# Wrapping a 4x4 post with cedar



## Bud Cline (Mar 12, 2006)

kdibble said:


> Hi all. Long time learner. First time poster. Thank you all for everything you have taught me and no doubt will continue to teach me
> 
> I have a small porch the railing of which is very rotted out. Thankfully the underlying stairs, framing and pt posts supporting the railing are all in good shape.
> 
> ...


It's done all of the time!


----------



## wewantutopia (Feb 28, 2012)

Oooh, i was going to post a similar question. When using a trim nailer do you just use regular trim nails or do they make galvanized or stainless trim nails? Being outside and all...


----------



## mako1 (Jan 7, 2014)

Bud is correct about it being done all of the time.When I wrap posts with cedar I use a lock miter joint made with a router.It gives a cleaner appearance and will not show when the joints open some from wood movement.But,I'm a slightly anal remodeling contractor.
Wewantutopia: Trim nailer is a pretty broad term and they come in several gauges and are handy.I use them daily .For wrapping posts I would buy some hot dipped galvanized finish nails and drive them by hand.They will hold much better.


----------



## Bud Cline (Mar 12, 2006)

wewantutopia said:


> Oooh, i was going to post a similar question. When using a trim nailer do you just use regular trim nails or do they make galvanized or stainless trim nails? Being outside and all...

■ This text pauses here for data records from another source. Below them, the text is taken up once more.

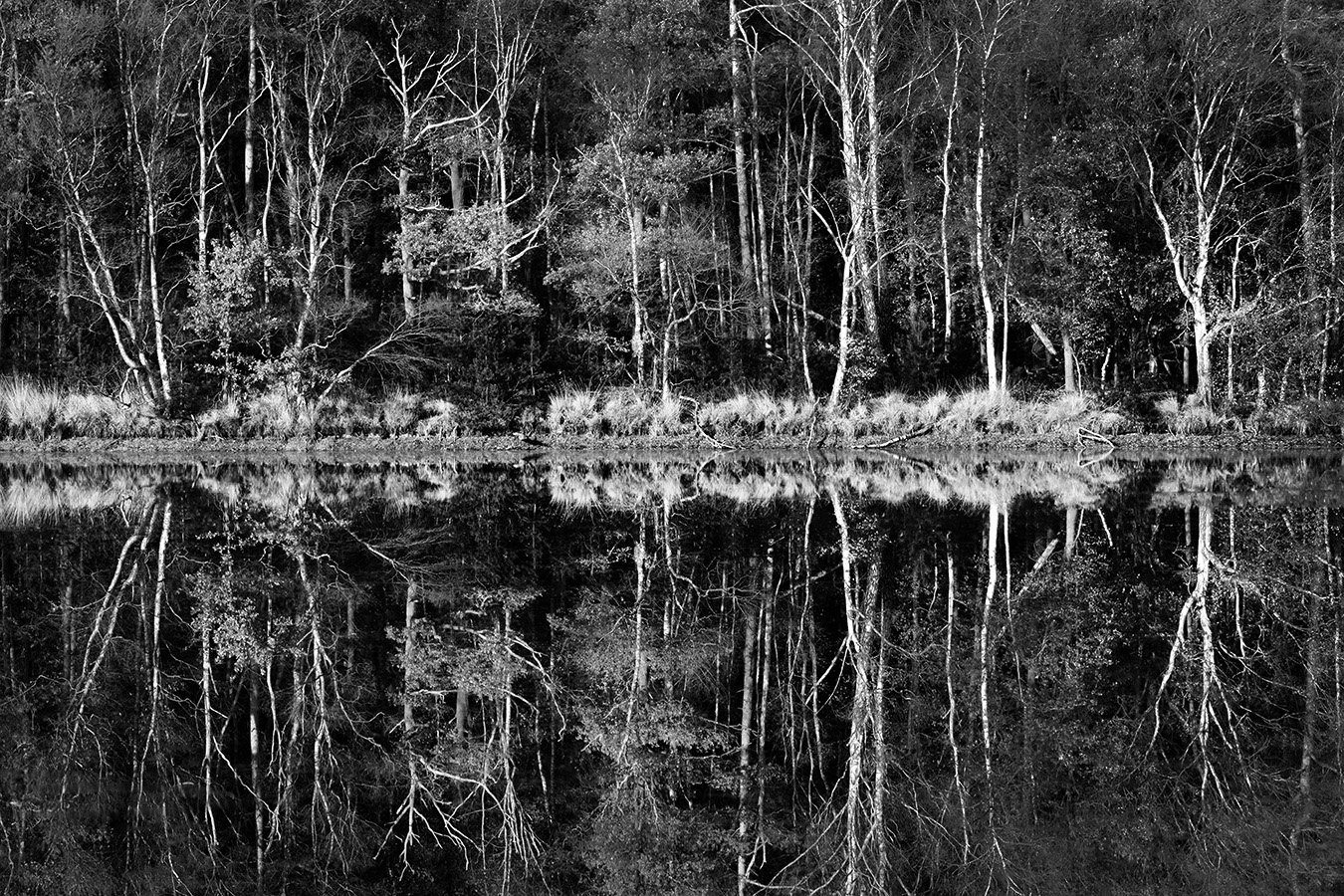 bodemven 11-2019 0810-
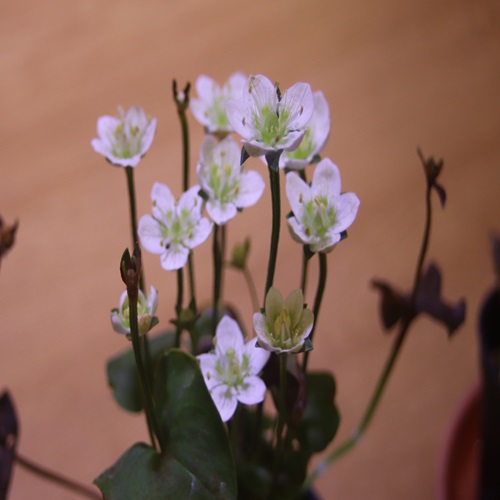 イズノシマウメバチソウの花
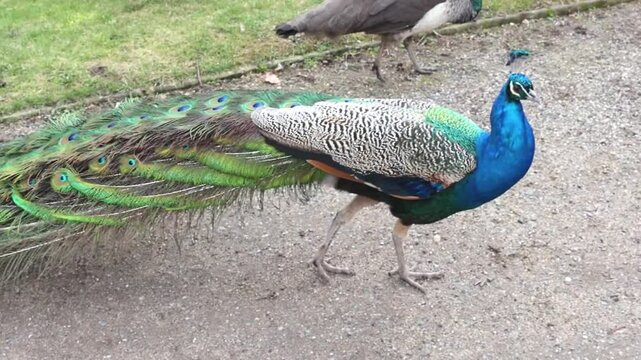 Czech Republic, Ploskovice March 3.2024. Peacock looking for food in the park
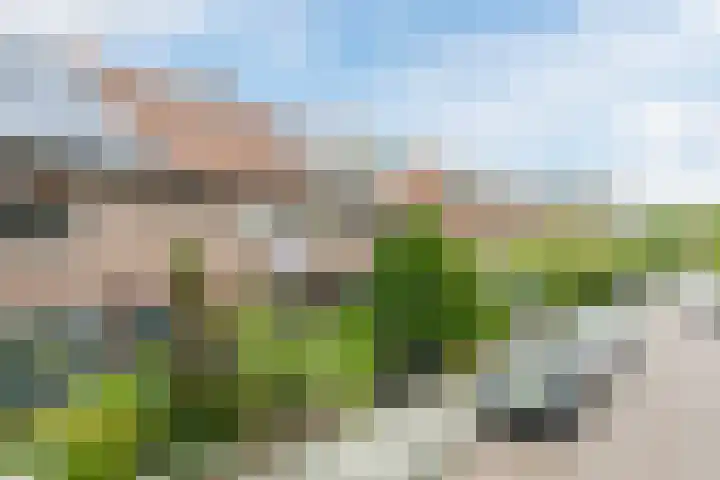Bloemveldlaan 44 Haarlem thumbnail 37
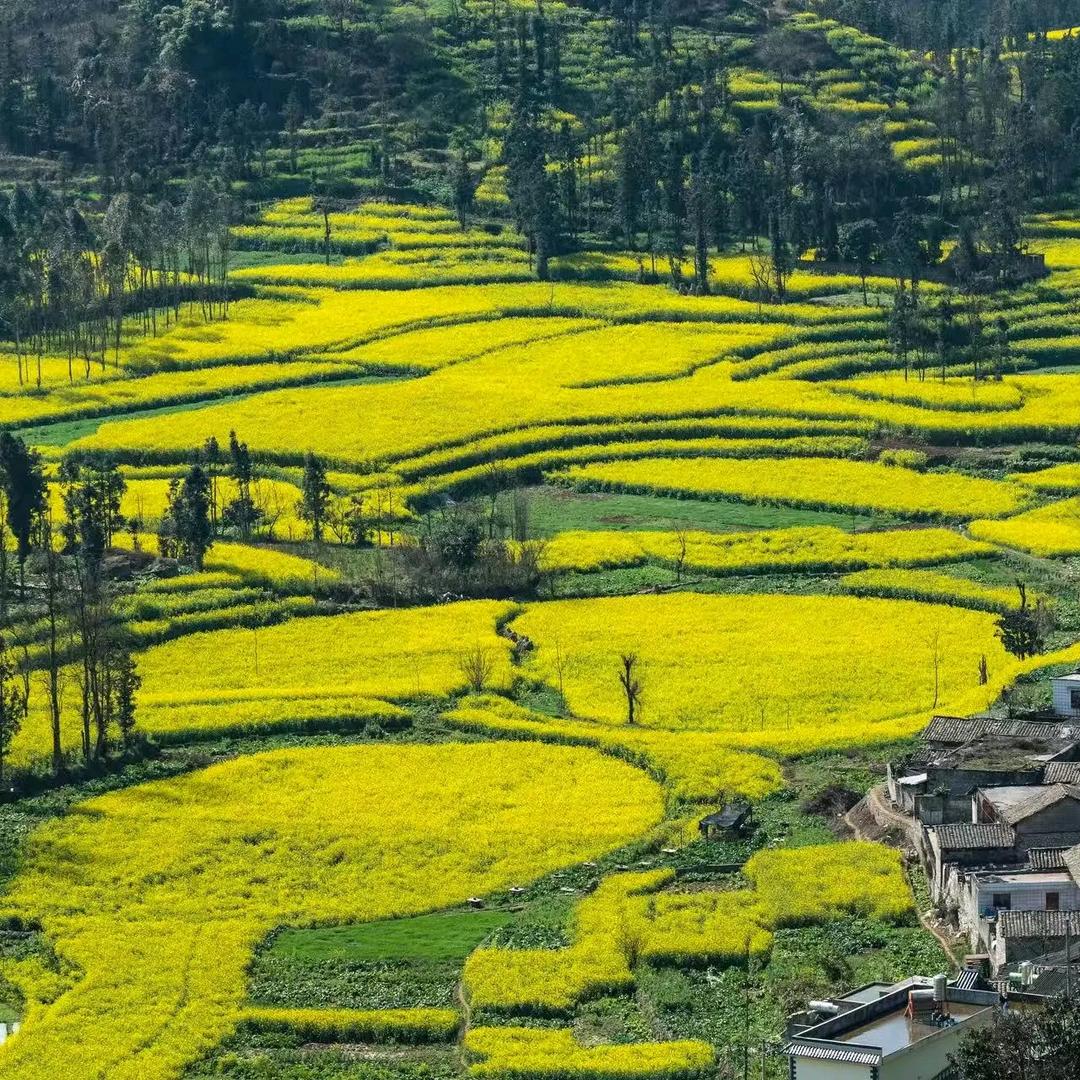 @旅行规划师—文菲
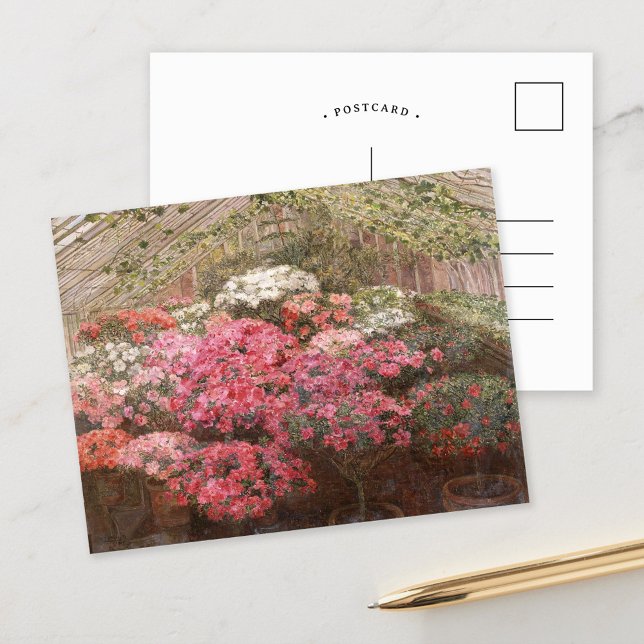 Greenhouse Azaleas | Marie Antoinette Marcotte Postcard (Creator Uploaded)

I don't think I have ever seen a trim nail/pin for a gun that wasn't galvanized or coated in some fashion.


----------



## joecaption (Nov 30, 2011)

Read the instructions right on the box of trim nails. 
Any pneumatic finish nails I've seen even if there galvanized say not for outside use.
Use the suggested stainless steel hand finished nails instead.
Galvanized nails will end up leaving black marks on cedar over time.
Predrilling a pilot hole, and dulling the point on the nails will help prevent splitting.


----------